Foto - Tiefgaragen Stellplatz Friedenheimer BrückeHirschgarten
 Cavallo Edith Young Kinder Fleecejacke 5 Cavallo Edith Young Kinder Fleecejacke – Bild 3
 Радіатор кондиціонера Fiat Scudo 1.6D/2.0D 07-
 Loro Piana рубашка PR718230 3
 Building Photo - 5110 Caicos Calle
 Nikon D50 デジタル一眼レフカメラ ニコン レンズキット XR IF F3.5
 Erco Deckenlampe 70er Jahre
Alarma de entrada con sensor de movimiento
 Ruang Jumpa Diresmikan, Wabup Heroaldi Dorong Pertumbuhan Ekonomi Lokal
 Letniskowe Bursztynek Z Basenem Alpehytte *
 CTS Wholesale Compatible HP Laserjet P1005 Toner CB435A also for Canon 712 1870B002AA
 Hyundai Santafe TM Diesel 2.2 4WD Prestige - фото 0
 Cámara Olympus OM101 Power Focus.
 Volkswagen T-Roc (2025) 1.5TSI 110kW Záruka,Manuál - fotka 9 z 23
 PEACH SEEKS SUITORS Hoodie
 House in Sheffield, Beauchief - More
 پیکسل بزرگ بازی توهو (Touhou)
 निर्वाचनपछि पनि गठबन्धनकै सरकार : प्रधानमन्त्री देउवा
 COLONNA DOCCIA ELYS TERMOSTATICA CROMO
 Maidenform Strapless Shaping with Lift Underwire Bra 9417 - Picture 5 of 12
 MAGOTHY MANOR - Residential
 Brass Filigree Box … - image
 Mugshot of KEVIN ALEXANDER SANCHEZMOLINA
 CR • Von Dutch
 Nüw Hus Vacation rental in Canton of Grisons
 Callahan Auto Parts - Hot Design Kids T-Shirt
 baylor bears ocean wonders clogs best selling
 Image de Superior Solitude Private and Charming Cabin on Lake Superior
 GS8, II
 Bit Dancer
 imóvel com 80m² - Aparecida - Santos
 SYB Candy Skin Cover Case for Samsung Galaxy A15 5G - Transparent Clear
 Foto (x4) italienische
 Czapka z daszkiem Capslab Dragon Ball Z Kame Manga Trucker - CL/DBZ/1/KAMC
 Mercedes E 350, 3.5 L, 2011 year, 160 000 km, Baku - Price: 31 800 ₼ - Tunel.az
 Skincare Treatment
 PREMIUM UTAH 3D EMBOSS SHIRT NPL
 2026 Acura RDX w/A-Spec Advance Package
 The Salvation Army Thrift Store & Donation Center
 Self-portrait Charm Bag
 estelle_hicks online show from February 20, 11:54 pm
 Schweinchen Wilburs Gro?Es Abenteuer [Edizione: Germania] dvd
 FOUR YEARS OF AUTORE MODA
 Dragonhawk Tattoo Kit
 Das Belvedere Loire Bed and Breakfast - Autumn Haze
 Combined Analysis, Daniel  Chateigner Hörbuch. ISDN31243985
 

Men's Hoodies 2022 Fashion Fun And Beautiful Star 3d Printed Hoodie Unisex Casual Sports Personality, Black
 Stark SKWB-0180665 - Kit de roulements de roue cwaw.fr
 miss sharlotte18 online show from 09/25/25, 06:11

----

### ABOUT THIS EXERCISE:
The answer consists solely of the lines from the one containing "PREMIUM UTAH 3D EMBOSS SHIRT NPL" through the last line of the data above, reproduced exactly.

### RESPONSE TO THE TASK:
 PREMIUM UTAH 3D EMBOSS SHIRT NPL
 2026 Acura RDX w/A-Spec Advance Package
 The Salvation Army Thrift Store & Donation Center
 Self-portrait Charm Bag
 estelle_hicks online show from February 20, 11:54 pm
 Schweinchen Wilburs Gro?Es Abenteuer [Edizione: Germania] dvd
 FOUR YEARS OF AUTORE MODA
 Dragonhawk Tattoo Kit
 Das Belvedere Loire Bed and Breakfast - Autumn Haze
 Combined Analysis, Daniel  Chateigner Hörbuch. ISDN31243985
 

Men's Hoodies 2022 Fashion Fun And Beautiful Star 3d Printed Hoodie Unisex Casual Sports Personality, Black
 Stark SKWB-0180665 - Kit de roulements de roue cwaw.fr
 miss sharlotte18 online show from 09/25/25, 06:11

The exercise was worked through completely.